Igualmente,Triet borda un trabajo quirúrgico al ir desdoblando la historia, sin apresurarse, pero sin aletargarse; sin obsequiar nada aunque tampoco engañando tramposamente al espectador en momento alguno. Deja en el espectador la responsabilidad de, si así lo decide (o si no puede evitarlo) dejarse apoderar por sus ansiedades o prejuicios; a ella no se le pueden achacar. Si quien atiende lo hace con paciencia, con la capacidad de observar y escuchar sin interferencias, recibirá una recompensa gratificante.
Conseguirlo le habría sido imposible si, además de todo lo anterior, no sustentara buena parte del éxito de su edificación en diálogos perfectamente confeccionados: inteligentes, agudos, honestos, turbadores, muy reales. El mejor ejemplo es la secuencia en que los esposos discuten con vehemencia, en lo que es un microcosmos de los conceptos que desmigaja principalmente dentro de las dinámicas matrimoniales, desde las aparentemente pequeñas pugnas en la relación de pareja que, silenciosas, se acumulan hasta explotar con vehemencia; los roles de género como corsés que en la tercera década del siglo XXI siguen siendo para la mayoría de las parejas en todo el mundo; los celos tanto profesionales como sexuales; las traiciones y deslealtades; las culpas y los perdones (frágiles o auténticos); pero, sobre todo, en congruencia con quien es y lo que ha postulado a lo largo de su carrera, su postulado feminista, no el que busca revancha desde el resentimiento, ni el que carga afrentas milenarias, más bien el que exige justicia, equilibrio, oportunidades idénticas, condiciones de desarrollo parejas, acuerdos comúnes. Y lo expone magistralmente, gracias a las cátedras de interpretaciones que entregan Hüller y Theis en esa poderosa escena, pero también de Arlaud, Reinartz y, desde luego, del niño Machado-Graner a lo largo de un filme excesivamente cuidado, al mínimo detalle.

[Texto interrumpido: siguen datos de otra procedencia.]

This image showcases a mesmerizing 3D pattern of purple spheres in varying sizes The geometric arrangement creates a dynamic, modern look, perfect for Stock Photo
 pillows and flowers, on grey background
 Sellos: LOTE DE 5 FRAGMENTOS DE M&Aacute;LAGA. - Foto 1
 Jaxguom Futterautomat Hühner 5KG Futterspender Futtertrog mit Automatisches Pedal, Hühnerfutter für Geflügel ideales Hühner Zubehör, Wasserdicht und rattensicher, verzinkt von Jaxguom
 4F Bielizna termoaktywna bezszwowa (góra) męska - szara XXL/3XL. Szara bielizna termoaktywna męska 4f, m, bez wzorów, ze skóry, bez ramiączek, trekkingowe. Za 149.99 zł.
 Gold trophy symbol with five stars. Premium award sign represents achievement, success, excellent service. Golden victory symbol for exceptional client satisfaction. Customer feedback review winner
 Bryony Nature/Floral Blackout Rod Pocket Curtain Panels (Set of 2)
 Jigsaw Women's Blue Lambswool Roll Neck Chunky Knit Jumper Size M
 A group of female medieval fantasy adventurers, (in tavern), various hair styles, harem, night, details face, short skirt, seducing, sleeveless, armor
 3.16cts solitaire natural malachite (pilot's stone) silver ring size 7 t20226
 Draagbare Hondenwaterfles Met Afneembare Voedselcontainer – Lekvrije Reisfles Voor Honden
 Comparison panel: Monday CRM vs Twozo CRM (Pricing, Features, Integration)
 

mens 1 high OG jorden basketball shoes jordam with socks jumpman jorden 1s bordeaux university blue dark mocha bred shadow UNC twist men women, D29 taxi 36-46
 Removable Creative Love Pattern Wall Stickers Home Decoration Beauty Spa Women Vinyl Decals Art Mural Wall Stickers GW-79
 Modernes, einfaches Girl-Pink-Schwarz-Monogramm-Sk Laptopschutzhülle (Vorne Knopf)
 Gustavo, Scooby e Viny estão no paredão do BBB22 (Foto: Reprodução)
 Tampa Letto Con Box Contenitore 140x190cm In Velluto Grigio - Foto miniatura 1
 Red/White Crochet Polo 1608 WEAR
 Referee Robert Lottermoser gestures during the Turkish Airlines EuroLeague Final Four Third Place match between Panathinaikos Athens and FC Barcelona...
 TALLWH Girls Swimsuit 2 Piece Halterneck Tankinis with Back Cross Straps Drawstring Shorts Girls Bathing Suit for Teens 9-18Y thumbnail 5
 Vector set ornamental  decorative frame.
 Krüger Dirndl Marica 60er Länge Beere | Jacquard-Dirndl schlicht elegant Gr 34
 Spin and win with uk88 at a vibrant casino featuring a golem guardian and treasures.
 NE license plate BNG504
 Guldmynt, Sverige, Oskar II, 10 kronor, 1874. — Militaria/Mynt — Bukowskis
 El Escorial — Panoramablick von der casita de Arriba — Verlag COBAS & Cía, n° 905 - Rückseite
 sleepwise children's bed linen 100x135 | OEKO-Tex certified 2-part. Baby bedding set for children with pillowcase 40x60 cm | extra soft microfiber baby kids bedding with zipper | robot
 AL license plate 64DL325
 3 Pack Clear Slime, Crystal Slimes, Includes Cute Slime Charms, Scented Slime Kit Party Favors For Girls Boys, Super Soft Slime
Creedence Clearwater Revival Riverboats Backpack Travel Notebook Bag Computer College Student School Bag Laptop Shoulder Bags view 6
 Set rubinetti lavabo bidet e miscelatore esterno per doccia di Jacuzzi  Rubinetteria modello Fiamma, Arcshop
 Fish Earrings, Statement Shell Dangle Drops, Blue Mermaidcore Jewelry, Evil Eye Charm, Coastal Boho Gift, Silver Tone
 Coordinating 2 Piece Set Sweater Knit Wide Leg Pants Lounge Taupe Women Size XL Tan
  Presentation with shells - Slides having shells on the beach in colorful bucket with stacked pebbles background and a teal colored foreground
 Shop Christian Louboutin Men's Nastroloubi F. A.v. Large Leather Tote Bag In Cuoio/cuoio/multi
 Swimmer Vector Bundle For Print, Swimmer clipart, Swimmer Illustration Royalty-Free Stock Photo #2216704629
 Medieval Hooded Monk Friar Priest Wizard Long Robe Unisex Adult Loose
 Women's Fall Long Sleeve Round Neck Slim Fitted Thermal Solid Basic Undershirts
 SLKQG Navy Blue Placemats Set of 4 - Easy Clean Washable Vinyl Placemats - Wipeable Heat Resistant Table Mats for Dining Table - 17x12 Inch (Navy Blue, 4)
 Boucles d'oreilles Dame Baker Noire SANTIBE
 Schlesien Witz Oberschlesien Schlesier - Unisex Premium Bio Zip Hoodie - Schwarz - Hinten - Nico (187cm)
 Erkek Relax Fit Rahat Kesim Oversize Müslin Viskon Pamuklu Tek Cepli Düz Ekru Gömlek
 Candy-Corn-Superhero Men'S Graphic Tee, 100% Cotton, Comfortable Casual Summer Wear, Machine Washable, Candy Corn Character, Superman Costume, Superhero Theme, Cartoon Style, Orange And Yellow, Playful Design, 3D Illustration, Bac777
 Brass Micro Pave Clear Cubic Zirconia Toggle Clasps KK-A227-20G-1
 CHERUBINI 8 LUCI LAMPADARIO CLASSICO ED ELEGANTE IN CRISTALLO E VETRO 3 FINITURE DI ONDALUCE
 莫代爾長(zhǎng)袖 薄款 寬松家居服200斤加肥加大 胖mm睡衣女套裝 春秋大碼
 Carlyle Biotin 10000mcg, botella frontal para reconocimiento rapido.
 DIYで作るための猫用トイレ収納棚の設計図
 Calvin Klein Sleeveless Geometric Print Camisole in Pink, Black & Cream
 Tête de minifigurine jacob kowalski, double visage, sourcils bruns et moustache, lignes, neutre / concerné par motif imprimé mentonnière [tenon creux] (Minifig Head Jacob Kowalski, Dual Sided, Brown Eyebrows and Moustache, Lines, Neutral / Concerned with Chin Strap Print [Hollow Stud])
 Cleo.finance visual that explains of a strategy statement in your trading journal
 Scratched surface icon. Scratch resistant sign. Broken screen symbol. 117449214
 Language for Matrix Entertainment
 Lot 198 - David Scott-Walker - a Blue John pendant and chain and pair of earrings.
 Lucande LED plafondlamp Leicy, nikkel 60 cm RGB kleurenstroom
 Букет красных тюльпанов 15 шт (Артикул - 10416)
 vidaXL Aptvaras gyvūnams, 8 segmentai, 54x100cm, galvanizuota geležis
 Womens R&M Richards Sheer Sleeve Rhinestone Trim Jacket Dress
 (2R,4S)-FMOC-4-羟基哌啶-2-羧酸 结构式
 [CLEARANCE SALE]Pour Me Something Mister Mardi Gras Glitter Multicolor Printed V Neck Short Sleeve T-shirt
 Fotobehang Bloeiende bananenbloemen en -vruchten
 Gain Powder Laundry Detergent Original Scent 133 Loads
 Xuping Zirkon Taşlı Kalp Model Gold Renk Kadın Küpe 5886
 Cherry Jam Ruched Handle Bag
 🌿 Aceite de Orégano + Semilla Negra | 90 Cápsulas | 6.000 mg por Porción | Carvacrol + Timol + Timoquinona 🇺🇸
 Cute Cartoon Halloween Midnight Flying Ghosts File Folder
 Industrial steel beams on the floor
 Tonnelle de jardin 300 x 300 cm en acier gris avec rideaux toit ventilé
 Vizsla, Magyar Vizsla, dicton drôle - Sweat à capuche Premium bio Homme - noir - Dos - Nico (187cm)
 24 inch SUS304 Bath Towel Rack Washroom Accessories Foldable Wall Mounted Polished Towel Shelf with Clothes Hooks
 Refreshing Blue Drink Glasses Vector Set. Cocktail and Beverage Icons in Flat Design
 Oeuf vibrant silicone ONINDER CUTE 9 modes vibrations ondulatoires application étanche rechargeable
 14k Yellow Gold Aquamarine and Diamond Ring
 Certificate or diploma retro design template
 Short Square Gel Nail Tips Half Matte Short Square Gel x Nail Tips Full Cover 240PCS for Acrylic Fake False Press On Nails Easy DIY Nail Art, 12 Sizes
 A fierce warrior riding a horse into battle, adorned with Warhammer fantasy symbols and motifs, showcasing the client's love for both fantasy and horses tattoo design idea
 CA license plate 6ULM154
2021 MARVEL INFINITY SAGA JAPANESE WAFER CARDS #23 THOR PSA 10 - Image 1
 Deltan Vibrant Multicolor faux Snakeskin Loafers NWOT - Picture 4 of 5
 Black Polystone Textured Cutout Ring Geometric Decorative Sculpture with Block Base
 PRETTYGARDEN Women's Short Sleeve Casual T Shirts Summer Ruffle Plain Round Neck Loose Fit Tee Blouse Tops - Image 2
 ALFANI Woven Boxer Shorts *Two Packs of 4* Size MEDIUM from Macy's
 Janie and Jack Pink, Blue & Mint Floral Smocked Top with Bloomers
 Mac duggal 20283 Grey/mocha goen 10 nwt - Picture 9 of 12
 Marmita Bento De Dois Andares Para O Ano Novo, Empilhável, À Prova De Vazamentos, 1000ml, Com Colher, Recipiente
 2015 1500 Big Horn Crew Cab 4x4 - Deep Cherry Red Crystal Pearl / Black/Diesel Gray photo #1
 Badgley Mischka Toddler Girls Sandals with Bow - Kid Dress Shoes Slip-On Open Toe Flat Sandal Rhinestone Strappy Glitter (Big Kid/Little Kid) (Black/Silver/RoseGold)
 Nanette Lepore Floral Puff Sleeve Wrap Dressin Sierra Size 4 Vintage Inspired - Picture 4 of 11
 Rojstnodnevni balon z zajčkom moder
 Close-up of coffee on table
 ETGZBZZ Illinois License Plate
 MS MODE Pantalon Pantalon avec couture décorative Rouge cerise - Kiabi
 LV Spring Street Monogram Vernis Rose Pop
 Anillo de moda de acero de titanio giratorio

Hace unas semanas en México tuvimos la fortuna de poder ver el filme más reciente del maestro del cine japonés, Hirokazu Kore-eda, Monster, una obra sobrecogedora, magnífica, en la que, como nos tiene acostumbrados, a partir de enredadas líneas narrativas, cuenta una historia compleja en la que pone a prueba la capacidad humana para el prejuicio. Algo muy serio, muy penoso nos dice de los tiempos que vivimos el hecho de que el filme de Justine Triet, otra contundente muestra de lo engañosas que suelen ser las apariencias, haya sido estrenada en la misma edición del Festival de Cannes, el año pasado, cuando Anatomy of a Fall ganó la Palma de Oro, el premio más codiciado. La gente no suele buscar más la verdad, sino una verdad que se apegue a su percepción de las cosas, por más limitada que pueda ser, por más alejada que pueda estar de la realidad. Un mundo atestado de cámaras de resonancia y de espejos distorsionados cuyos ecos y reflejos satisfacen, sin más, a la persona contemporánea; a quienes ven lo que quieren ver, escuchan lo que quieren escuchar y, sobre todo, entienden lo que quieren entender; y no solo en el ámbito político, también en el personal. El filme de Justine Triet, como lo hizo el de Hirokazu Kore-eda, coloca en un severo aprieto a ese tipo de personas que, quizá, al final, en mayor o menor medida, en realidad somos todos.